In Leo's case in particular I don't think he's using the observation for much, it's mostly just a throwaway claim that's part of the flow of the comment, but inasmuch as it is being used it is to say something like "current AIs aren't trying to subvert our control, so it's not completely implausible on the face of it that the first automated alignment researcher to which we delegate won't try to subvert our control", which is just a pretty weak claim and seems fine, and doesn't imply any kind of extrapolation to superintelligence. I'd be surprised if this was an important disagreement with the "alignment is hard" crowd.
There are demos of models doing stuff like this (e.g. blackmail) but only under conditions selected highly adversarially. These look fragile enough that overall I'd still say current models are more aligned than e.g. rationalists (who under adversarially selected conditions have been known to intentionally murder people).

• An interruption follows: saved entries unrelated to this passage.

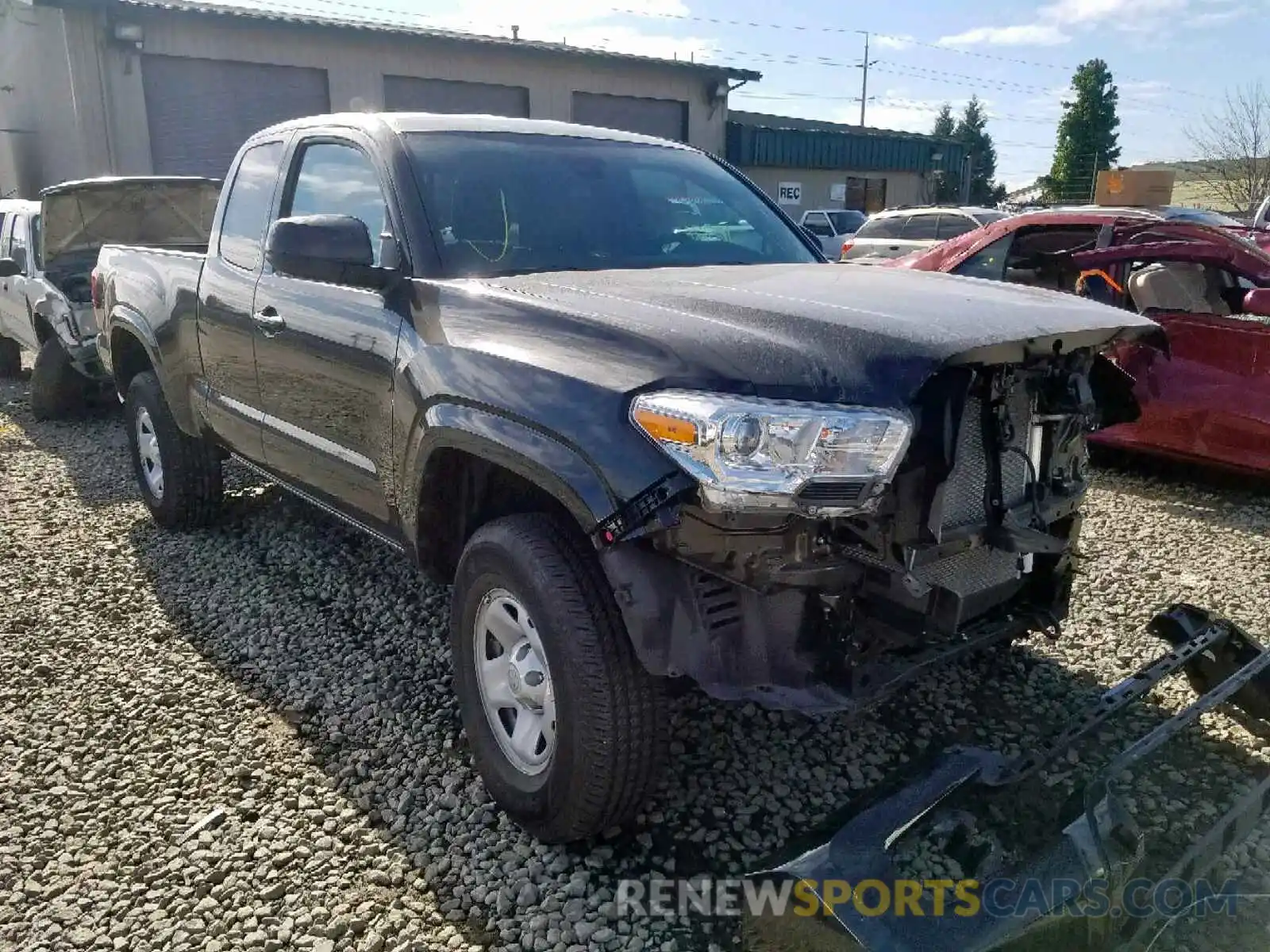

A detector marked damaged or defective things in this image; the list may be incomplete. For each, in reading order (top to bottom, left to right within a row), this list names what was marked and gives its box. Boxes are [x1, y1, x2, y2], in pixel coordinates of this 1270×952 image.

red damaged car [889, 209, 1270, 477]
damaged bumper area [599, 358, 1097, 716]
damaged front end [599, 345, 1118, 716]
damaged bumper area [741, 606, 1270, 949]
detached metal bumper on ground [741, 606, 1270, 949]
damaged front end [741, 604, 1270, 952]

E.g. One naive threat model says "Orthogonality says that an AI system's goals are completely independent of its capabilities, so we should expect that current AI systems have random goals, which by fragility of value will then be misaligned". Setting aside whether anyone ever believed in such a naive threat model, I think we can agree that current models are evidence against such a threat model.
Which, importantly, includes every fruit of our science and technology.

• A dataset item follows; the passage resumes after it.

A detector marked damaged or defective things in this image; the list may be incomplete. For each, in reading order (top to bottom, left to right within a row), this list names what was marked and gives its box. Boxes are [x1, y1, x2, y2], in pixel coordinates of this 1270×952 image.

I don't think this is the right comparison, since modern science / technology is a collective effort and so can only cumulate thinking through mostly-interpretable steps. (This may also be true for AI, but if so then you get interpretability by default, at least interpretability-to-the-AIs, at which point you are very likely better off trying to build AIs that can explain that to humans.)

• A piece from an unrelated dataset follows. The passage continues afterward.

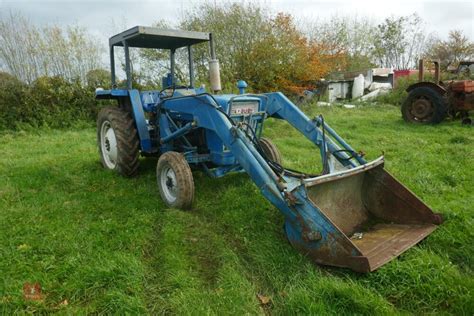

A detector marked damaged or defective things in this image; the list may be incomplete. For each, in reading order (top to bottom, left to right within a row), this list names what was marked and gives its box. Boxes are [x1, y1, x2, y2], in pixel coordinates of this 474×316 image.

rusty bucket [296, 157, 444, 272]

In contrast, I'd expect individual steps of scientific progress that happen within a single mind often are very uninterpretable (see e.g. "research taste").
If we understood an external superhuman world-model as well as a human understands their own world-model, I think that'd obviously get us access to tons of novel knowledge.
Sure, I agree with that, but "getting access to tons of novel knowledge" is nowhere close to "can compete with the current paradigm of building AI", which seems like the appropriate bar given you are trying to "produce a different tool powerful enough to get us out of the current mess".
Perhaps concretely I'd wildly guess with huge uncertainty that this would involve an alignment tax of ~4 GPTs, in the sense that if you had an interpretable world model from GPT-10 similar in quality to a human's understanding of their own world model, that would be similarly useful as GPT-6.
a human's world-model is symbolically interpretable by the human mind containing it.
Say what now? This seems very false:
Tbc I can believe it's true in some cases, e.g. I could believe that some humans' far-mode abstract world models are approximately symbolically interpretable to their mind (though I don't think mine is). But it seems false in the vast majority of domains (if you are measuring relative to competent, experienced people in those domains, as seems necessary if you are aiming for your system to outperform what humans can do).
I wish when you wrote these comments you acknowledged that some people just actually think that we can substantially reduce risk via what you call "marginalist" approaches. Not everyone agrees that you have to deeply understand intelligence from first principles else everyone dies. Depending on how you choose your reference class, I'd guess most people disagree with that.
Imo the vast, vast majority of progress in the world happens via "marginalist" approaches, so if you do think you can win via "marginalist" approaches you should generally bias towards them.